===== Exercise inputs =====
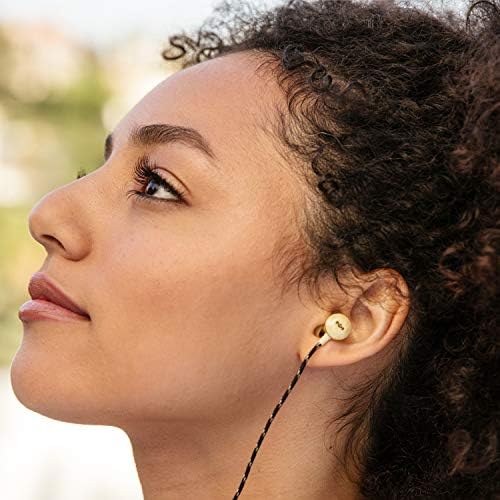 House of Marley Nesta Gold Noise-Cancelling Earbuds with Microphone – Premium Eco-Friendly Wireless Sound Experience for Ultimate Comfort and Connectivity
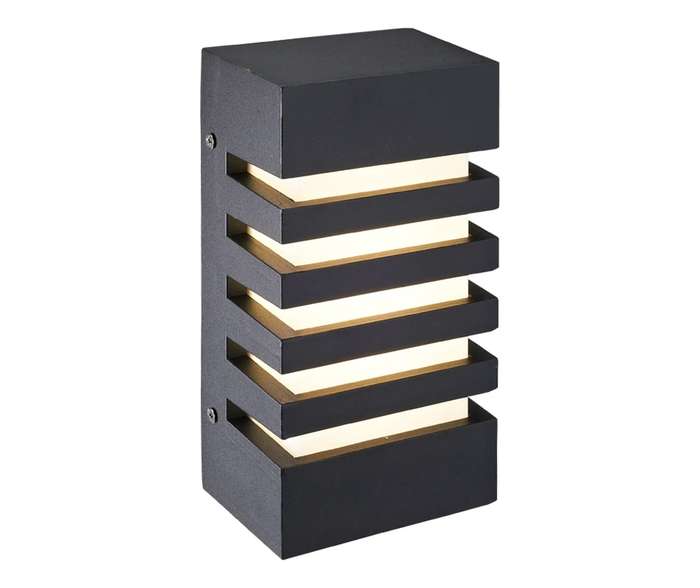 O-LITE BL320 BLACK WALL LIGHT
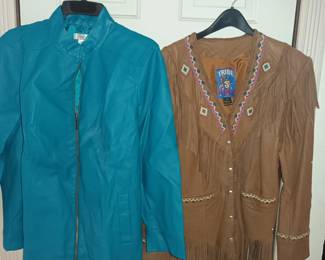 leather and buckskin jackets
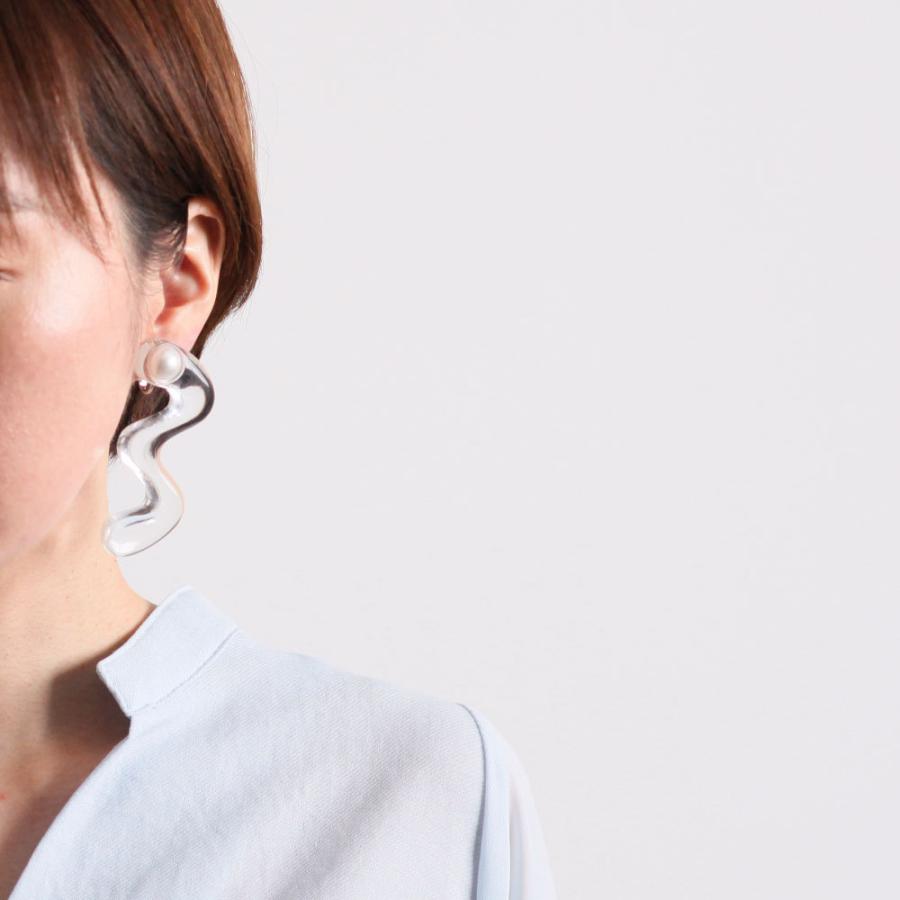 Iria Ashimine（イリア アシミネ） / Snake : transparent イヤリング - CLEAR レディース ノンホール ギフト プレゼント 記念日 アクセサリー ジュエリー 透… | clear | 07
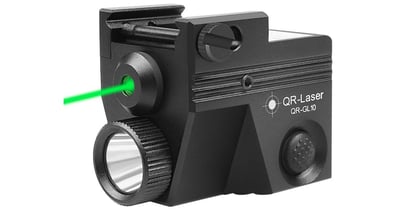 QR-Laser 500 Lumens USB Rechargeable Flashlight with Green Beam Combo Picatinny Strobe Function - $31.79 (Free S/H over $25)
=====
Task objective: Every line from the one containing "O-LITE BL320 BLACK WALL LIGHT" through the last line of the listing must be written out again exactly, and no other line. Leave the pictures aside.

Response below:
 O-LITE BL320 BLACK WALL LIGHT
 leather and buckskin jackets
 Iria Ashimine（イリア アシミネ） / Snake : transparent イヤリング - CLEAR レディース ノンホール ギフト プレゼント 記念日 アクセサリー ジュエリー 透… | clear | 07
 QR-Laser 500 Lumens USB Rechargeable Flashlight with Green Beam Combo Picatinny Strobe Function - $31.79 (Free S/H over $25)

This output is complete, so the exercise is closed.